I cantieri di restauro architettonico e di scavo archeologico, nati da una felice intuizione di Giorgio Torraca e di Laura Mora, costituiscono attività di particolare importanza nell’impostazione didattica e formativa del corso di specializzazione. Organizzati dalla Scuola per gli studenti iscritti rispettivamente al primo e al secondo anno, essi mirano ad approfondire, tramite esperienze concrete, le principali tematiche affrontate durante il percorso di studi.
Nei cantieri di restauro, in particolare, gli specializzandi analizzano direttamente le problematiche conservative di un edificio storico, realizzando interventi guidati di pulitura, consolidamento, protezione e reintegrazione delle superfici.
Nei cantieri di scavo, invece, gli studenti sperimentano sul campo le attività di ricerca, documentazione e catalogazione condotte di norma in un sito archeologico, al fine di alimentare un approccio multidisciplinare ai temi della tutela e del restauro.
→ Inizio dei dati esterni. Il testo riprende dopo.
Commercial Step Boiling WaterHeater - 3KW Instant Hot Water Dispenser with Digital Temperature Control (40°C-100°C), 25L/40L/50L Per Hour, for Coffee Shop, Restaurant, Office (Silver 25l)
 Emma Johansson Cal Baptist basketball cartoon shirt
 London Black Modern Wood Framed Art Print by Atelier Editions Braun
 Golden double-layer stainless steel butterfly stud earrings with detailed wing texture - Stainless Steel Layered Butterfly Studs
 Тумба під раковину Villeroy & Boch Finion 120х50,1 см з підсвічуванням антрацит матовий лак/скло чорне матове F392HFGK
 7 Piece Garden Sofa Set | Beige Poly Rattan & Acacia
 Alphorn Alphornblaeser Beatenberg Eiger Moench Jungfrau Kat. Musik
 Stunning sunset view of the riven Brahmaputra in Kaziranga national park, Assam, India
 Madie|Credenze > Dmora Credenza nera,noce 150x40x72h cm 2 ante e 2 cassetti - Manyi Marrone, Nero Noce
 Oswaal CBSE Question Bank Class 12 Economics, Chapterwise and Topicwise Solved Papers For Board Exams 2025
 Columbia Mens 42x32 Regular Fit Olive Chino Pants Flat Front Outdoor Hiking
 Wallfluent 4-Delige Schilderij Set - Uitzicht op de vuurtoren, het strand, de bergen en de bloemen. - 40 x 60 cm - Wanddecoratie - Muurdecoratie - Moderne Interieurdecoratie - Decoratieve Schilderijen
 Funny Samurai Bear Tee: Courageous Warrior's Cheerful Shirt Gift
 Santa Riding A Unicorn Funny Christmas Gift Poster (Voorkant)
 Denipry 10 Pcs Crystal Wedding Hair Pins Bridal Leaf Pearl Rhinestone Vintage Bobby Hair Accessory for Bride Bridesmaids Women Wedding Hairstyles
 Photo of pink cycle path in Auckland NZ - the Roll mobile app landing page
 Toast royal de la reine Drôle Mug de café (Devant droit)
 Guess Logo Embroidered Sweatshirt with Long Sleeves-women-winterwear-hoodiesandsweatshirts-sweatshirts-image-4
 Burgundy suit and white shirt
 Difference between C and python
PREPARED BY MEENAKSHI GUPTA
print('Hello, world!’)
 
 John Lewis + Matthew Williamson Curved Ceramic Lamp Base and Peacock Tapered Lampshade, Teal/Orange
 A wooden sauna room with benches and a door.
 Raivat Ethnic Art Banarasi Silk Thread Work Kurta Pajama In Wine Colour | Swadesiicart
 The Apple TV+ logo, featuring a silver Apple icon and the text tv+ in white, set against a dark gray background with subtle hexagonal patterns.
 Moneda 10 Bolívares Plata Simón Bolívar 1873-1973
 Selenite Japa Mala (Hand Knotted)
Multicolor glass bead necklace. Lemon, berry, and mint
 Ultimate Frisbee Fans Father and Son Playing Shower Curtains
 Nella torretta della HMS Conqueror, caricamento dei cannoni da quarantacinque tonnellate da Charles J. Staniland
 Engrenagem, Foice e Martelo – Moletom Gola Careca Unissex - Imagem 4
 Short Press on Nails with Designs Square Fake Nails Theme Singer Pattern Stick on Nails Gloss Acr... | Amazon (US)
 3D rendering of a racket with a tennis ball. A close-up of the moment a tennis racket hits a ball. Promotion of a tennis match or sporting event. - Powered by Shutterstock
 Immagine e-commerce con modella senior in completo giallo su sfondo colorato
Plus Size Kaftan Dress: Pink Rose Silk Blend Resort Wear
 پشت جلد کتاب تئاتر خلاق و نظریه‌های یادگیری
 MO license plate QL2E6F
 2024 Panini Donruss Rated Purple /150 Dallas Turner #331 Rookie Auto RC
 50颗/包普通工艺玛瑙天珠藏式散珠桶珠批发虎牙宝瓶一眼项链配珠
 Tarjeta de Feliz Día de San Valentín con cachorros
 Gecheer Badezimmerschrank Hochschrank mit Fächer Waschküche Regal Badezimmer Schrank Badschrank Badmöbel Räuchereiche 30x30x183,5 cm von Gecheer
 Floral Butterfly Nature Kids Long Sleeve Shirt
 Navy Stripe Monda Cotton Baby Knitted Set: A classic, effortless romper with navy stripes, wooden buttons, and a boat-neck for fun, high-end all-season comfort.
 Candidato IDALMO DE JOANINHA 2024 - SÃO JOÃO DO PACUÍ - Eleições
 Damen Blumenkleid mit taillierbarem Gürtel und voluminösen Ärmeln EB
Sulla scorta della collaborazione avviata con il Ministero della Cultura, sancita dalle convenzioni del 23 maggio 2000 e del 4 giugno 2013, le iniziative didattiche sono state tenute presso il castello di Sermoneta (LT), l'Anfiteatro Flavio, la Villa dei Quintili, la basilica di S. Paolo f.l.m., le Terme di Elagabalo e una domus tardo-repubblicana del complesso neroniano-flavio, il Clivo della Vittoria al Palatino, S. Maria Nova nell’Appia Antica, la Domus Tiberiana, il Criptoportico neroniano e la Domus Augustana a Roma, l'abbazia di Sassovivo a Foligno (PG), l'area archeologica di Leopoli-Cencelle a Tarquinia (VT).